§ Problem requirements:
Keep only the lines from the top of the listing through the one with "(代購) 全新日本進口《美少女戰士S 音樂集》CD", and reproduce them unaltered.

§ Recorded data:

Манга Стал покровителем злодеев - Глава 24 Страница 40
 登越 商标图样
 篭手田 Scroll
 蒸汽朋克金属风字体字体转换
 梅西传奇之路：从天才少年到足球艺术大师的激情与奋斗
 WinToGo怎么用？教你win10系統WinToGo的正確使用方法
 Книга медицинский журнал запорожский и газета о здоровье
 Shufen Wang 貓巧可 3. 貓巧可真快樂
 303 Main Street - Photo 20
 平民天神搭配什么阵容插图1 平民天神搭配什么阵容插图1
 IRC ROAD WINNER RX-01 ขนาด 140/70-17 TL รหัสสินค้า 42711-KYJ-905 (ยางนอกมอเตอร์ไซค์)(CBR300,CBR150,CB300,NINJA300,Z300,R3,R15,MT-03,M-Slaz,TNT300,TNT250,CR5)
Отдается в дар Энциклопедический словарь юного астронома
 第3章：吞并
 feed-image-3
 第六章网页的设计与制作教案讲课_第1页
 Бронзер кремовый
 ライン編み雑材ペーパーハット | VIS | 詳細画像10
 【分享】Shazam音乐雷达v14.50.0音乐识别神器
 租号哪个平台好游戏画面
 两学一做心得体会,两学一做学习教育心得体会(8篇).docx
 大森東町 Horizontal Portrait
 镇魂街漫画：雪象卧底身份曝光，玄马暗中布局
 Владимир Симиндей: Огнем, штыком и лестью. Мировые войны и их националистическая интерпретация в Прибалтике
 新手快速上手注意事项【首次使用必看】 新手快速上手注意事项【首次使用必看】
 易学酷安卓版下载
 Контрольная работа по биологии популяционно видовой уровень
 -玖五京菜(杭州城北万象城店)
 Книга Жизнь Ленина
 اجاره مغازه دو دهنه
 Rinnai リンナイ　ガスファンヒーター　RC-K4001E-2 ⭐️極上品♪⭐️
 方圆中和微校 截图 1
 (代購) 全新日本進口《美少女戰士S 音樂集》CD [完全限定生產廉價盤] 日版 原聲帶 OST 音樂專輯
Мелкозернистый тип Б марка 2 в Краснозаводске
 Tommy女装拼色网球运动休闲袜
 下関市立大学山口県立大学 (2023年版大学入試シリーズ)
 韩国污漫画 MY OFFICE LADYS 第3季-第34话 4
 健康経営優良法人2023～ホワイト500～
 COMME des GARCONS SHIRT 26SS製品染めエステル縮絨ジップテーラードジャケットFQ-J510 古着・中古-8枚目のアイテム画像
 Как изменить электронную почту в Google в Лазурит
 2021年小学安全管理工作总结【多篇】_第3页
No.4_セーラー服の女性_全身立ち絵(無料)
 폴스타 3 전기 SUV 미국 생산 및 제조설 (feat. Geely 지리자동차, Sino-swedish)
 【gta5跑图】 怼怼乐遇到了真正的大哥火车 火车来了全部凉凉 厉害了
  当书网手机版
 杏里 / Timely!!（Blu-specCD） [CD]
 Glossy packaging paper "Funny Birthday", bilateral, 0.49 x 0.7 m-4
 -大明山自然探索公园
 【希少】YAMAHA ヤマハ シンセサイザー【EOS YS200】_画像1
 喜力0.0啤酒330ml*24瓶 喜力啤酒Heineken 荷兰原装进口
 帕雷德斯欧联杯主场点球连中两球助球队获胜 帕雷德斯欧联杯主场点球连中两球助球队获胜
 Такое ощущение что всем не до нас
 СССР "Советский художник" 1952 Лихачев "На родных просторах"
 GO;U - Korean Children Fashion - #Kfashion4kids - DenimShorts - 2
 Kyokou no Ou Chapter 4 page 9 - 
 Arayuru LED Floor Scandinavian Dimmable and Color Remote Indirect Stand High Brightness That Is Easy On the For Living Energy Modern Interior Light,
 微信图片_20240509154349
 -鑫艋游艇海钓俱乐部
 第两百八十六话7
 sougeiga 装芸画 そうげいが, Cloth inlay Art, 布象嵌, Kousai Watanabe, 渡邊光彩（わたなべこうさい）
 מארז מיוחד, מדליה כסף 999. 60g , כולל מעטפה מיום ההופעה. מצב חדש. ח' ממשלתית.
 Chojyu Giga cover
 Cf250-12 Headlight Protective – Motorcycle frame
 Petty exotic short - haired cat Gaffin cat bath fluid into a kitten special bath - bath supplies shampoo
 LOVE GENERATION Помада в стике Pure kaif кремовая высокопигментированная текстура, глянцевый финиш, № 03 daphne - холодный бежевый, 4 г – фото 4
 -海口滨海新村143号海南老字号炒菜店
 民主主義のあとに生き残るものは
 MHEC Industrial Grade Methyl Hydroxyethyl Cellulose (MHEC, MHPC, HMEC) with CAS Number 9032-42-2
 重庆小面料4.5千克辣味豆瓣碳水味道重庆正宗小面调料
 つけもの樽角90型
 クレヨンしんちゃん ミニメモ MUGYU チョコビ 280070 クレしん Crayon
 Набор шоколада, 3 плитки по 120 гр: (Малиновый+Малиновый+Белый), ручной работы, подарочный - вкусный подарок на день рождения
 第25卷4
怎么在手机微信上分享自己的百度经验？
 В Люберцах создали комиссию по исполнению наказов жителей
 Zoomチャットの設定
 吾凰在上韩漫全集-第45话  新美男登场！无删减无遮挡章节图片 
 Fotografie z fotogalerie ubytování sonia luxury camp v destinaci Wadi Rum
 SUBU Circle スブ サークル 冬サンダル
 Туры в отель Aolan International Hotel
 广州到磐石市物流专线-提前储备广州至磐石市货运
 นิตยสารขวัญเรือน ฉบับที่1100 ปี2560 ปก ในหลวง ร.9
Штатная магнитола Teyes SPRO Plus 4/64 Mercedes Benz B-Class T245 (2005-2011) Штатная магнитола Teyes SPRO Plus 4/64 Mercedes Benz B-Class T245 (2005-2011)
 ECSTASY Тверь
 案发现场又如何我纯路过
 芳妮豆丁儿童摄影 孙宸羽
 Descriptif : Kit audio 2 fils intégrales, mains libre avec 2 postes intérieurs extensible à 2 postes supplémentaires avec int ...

§ Reply:
Манга Стал покровителем злодеев - Глава 24 Страница 40
 登越 商标图样
 篭手田 Scroll
 蒸汽朋克金属风字体字体转换
 梅西传奇之路：从天才少年到足球艺术大师的激情与奋斗
 WinToGo怎么用？教你win10系統WinToGo的正確使用方法
 Книга медицинский журнал запорожский и газета о здоровье
 Shufen Wang 貓巧可 3. 貓巧可真快樂
 303 Main Street - Photo 20
 平民天神搭配什么阵容插图1 平民天神搭配什么阵容插图1
 IRC ROAD WINNER RX-01 ขนาด 140/70-17 TL รหัสสินค้า 42711-KYJ-905 (ยางนอกมอเตอร์ไซค์)(CBR300,CBR150,CB300,NINJA300,Z300,R3,R15,MT-03,M-Slaz,TNT300,TNT250,CR5)
Отдается в дар Энциклопедический словарь юного астронома
 第3章：吞并
 feed-image-3
 第六章网页的设计与制作教案讲课_第1页
 Бронзер кремовый
 ライン編み雑材ペーパーハット | VIS | 詳細画像10
 【分享】Shazam音乐雷达v14.50.0音乐识别神器
 租号哪个平台好游戏画面
 两学一做心得体会,两学一做学习教育心得体会(8篇).docx
 大森東町 Horizontal Portrait
 镇魂街漫画：雪象卧底身份曝光，玄马暗中布局
 Владимир Симиндей: Огнем, штыком и лестью. Мировые войны и их националистическая интерпретация в Прибалтике
 新手快速上手注意事项【首次使用必看】 新手快速上手注意事项【首次使用必看】
 易学酷安卓版下载
 Контрольная работа по биологии популяционно видовой уровень
 -玖五京菜(杭州城北万象城店)
 Книга Жизнь Ленина
 اجاره مغازه دو دهنه
 Rinnai リンナイ　ガスファンヒーター　RC-K4001E-2 ⭐️極上品♪⭐️
 方圆中和微校 截图 1
 (代購) 全新日本進口《美少女戰士S 音樂集》CD [完全限定生產廉價盤] 日版 原聲帶 OST 音樂專輯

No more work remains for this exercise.